== Problem statement ==
From the first line to the last, transcribe the data exactly and skip the pictures.
Material for the task section start
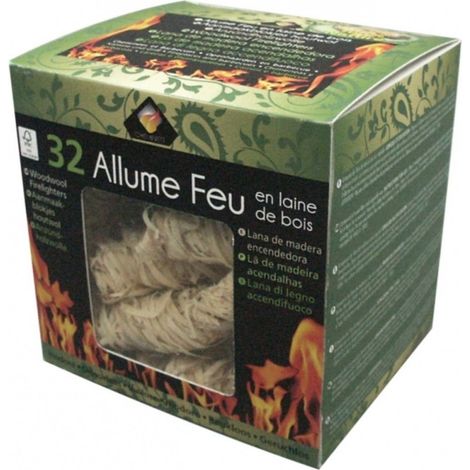 Allume-feu Laine De Bois écologique, Sans Odeur, Longue Durée - Siam	Pyrofeu (1/2)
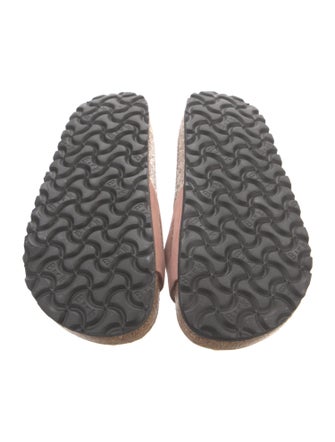 Birkenstock Suede Printed Slides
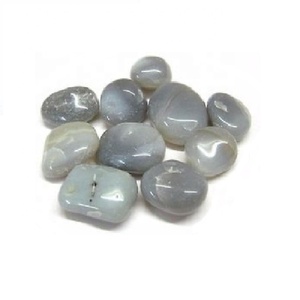 Pierre de haute qualité dégringolée gris agate galet vernis cristal dégringolé guérison en vrac agate pierres précieuses dégringolé sculpté en gros - Product Image 4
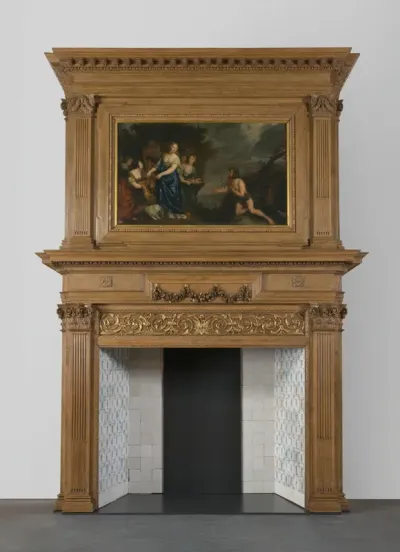Chimney piece with representation of Odysseus and Nausicaa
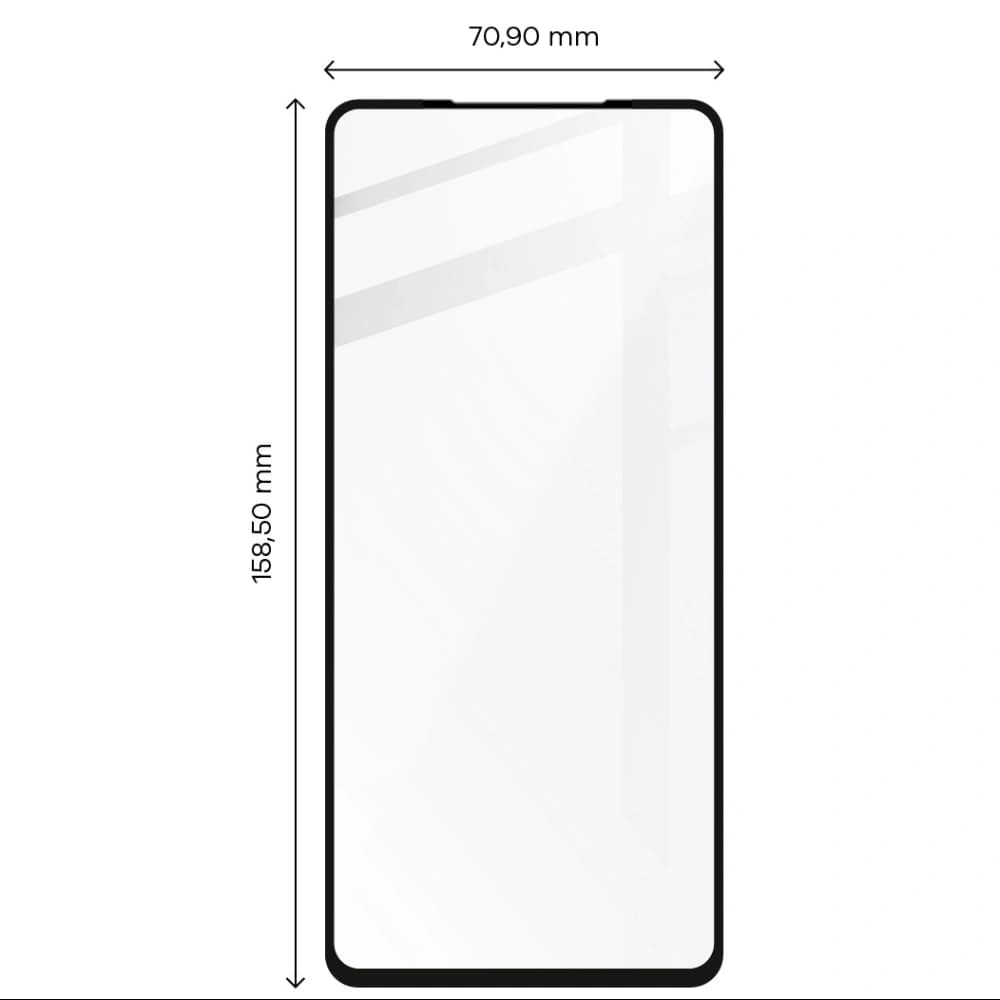 Bizon Glass Edge Redmi Note 10 Pro fekete - 2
Material for the task section end
== Task response ==
 Allume-feu Laine De Bois écologique, Sans Odeur, Longue Durée - Siam	Pyrofeu (1/2)
 Birkenstock Suede Printed Slides
 Pierre de haute qualité dégringolée gris agate galet vernis cristal dégringolé guérison en vrac agate pierres précieuses dégringolé sculpté en gros - Product Image 4
Chimney piece with representation of Odysseus and Nausicaa
 Bizon Glass Edge Redmi Note 10 Pro fekete - 2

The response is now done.